L'infrastructure serveur d'ARM est très peu développée

Reste que, même si cet affrontement est très médiatisé, l'infrastructure serveur d'ARM est très peu développée, estiment les analystes. Les puces ARM 32 bits actuelles ne sont pas adaptées pour les serveurs. D'une part, le problème de la compatibilité des applications demeure entier, sans parler du plafond mémoire limitée à 4Go. Les puces 64 bits d'ARM permettront de dépasser ce plafond mémoire et apporteront des fonctions de virtualisation et de correction d'erreur, des éléments considérés comme important dans les serveurs. « Le succès d'ARM dans le secteur des serveurs dépend aussi du support logiciel », a déclaré Dean McCarron de Mercury Research. « Dans l'avenir, beaucoup de distributions Linux prendront en charge le jeu d'instruction 64 bits de ARM, et le développement de logiciels est en bonne voie », a ajouté l'analyste. La semaine dernière, pendant le Techcon, Oracle, Citrix et Cloudera ont également fait part de leurs projets de développer des logiciels pour des plateformes ARM 64 bits.

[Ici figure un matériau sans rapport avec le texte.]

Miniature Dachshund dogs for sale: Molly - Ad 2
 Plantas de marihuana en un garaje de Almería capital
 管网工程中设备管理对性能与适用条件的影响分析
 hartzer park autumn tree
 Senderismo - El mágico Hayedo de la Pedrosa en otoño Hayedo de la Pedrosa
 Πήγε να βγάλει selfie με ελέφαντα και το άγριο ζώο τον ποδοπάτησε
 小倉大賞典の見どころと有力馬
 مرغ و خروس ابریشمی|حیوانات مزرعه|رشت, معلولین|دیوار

Parmi les concurrents potentiels de Samsung on trouve Calxeda, Nvidia et AMD, qui envisagent aussi de proposer des processeurs 64 bits pour serveurs. « Alors que Calxeda et AMD souhaitent intégrer une solution réseau et de stockage propriétaire dans leurs produits afin de livrer une puce serveur hautement intégrée, l'approche de Samsung ressemble davantage à ce que fait Marvell, à savoir que le constructeur pourrait proposer une puce serveur moins chère, mais sans intégrer le fabric », a expliqué Nathan Brookwood. Dans tous les cas, les analystes s'accordent pour dire que l'entrée de Samsung dans le secteur des puces serveur pourrait être bénéfique à l'entreprise. Certainement, « c'est un marché lucratif», considère Dean McCarron.